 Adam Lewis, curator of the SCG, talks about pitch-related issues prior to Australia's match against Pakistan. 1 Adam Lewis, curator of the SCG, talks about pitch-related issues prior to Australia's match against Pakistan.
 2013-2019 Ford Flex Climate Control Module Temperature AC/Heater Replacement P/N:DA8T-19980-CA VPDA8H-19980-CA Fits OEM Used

####

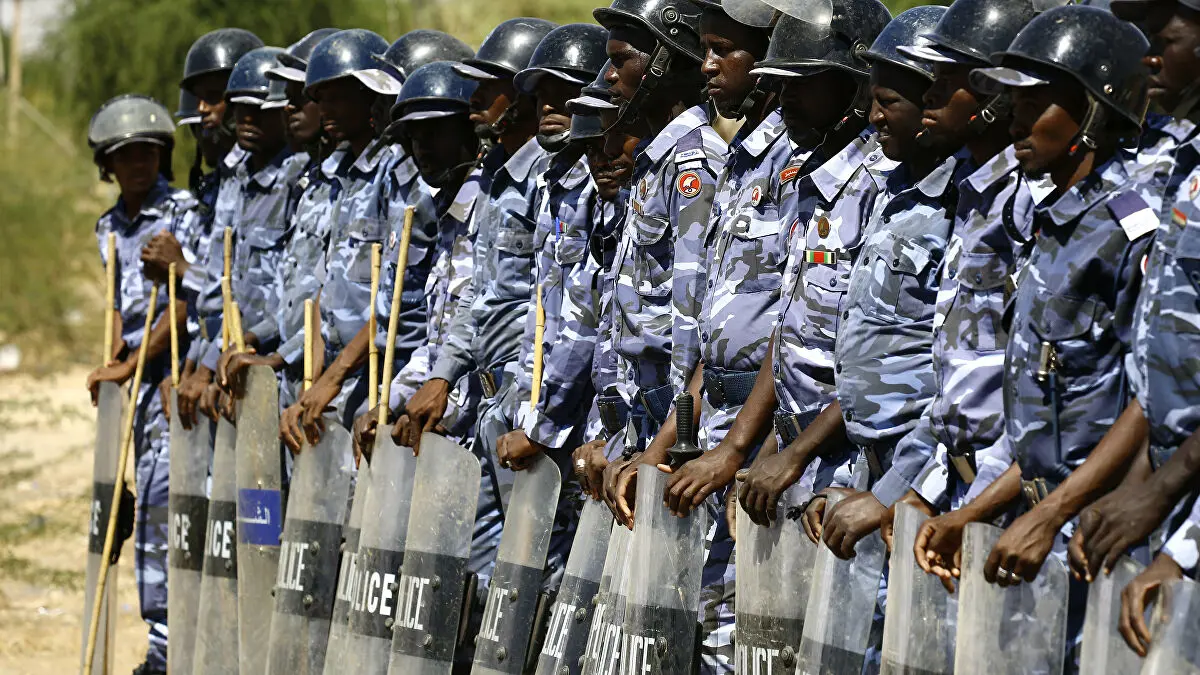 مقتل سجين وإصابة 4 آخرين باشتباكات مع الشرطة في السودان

####

Description of the task> All that is wanted is a faithful reproduction of the line above with "against Pakistan. 1", the line with "2013-2019 Ford Flex", and every line in between.

Result below>
 Adam Lewis, curator of the SCG, talks about pitch-related issues prior to Australia's match against Pakistan. 1 Adam Lewis, curator of the SCG, talks about pitch-related issues prior to Australia's match against Pakistan.
 2013-2019 Ford Flex Climate Control Module Temperature AC/Heater Replacement P/N:DA8T-19980-CA VPDA8H-19980-CA Fits OEM Used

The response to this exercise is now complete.